Aan de orde is daarom slechts de vraag of de beslissing waartegen beklag is ingediend in strijd is met een wettelijk voorschrift dan wel zodanig onredelijk of onbillijk is dat er een spoedeisend belang is om thans over te gaan tot schorsing van de
(verdere) tenuitvoerlegging van die beslissing. Naar het oordeel van de voorzitter is dat het geval.
Uit de inlichtingen van de directeur komt naar voren dat met verzoeker de afspraak is gemaakt dat hij drie keer per week mag telefoneren en dat daarbij de telefooncontacten met geprivilegieerde contacten mede zijn begrepen.

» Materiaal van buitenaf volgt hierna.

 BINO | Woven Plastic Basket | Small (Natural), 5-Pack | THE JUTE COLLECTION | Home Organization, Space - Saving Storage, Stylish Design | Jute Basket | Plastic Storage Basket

Op grond van artikel 39, vierde lid, wordt de gedetineerde in staat gesteld met geprivilegieerde personen en instanties telefonisch contact te hebben, indien hiervoor de noodzaak en gelegenheid bestaat. Door het aantal telefoongesprekken met
geprivilegieerde contacten op voorhand te beperken, gaat de directeur, hoe begrijpelijk zijn beslissing in het kader van de beheersbaarheid ook moge zijn, verder dan de wet toelaat. Per aanvraag voor een telefoongesprek met een geprivilegieerd contact
dient door of namens de directeur – naar het voorlopig oordeel van de voorzitter – een afzonderlijke belangenafweging worden gemaakt alvorens dat gesprek te weigeren dan wel toe te staan. Daarbij is het aan de gedetineerde om de noodzaak van een
dergelijk telefooncontact aannemelijk te maken en aan de directeur om te oordelen of en wanneer daarvoor gelegenheid is. De voorzitter merkt nog op dat bij een terugbelverzoek van een advocaat, de noodzaak van een telefooncontact met die advocaat
voldoende is gebleken.
Nu de bestreden beslissing in strijd is met de wet, komt de tenuitvoerlegging daarvan voor schorsing in aanmerking. Het verzoek zal daarom worden toegewezen.

2. De uitspraak
De voorzitter wijst het verzoek toe en schorst de beslissing van de directeur met onmiddellijke ingang tot het moment dat de beklagcommissie op het onderliggende klaagschrift zal hebben beslist.

Aldus gedaan door mr. J.D. den Hartog, voorzitter, in tegenwoordigheid van mr. H.M.J.D. Maes, secretaris, op 24 september 2014.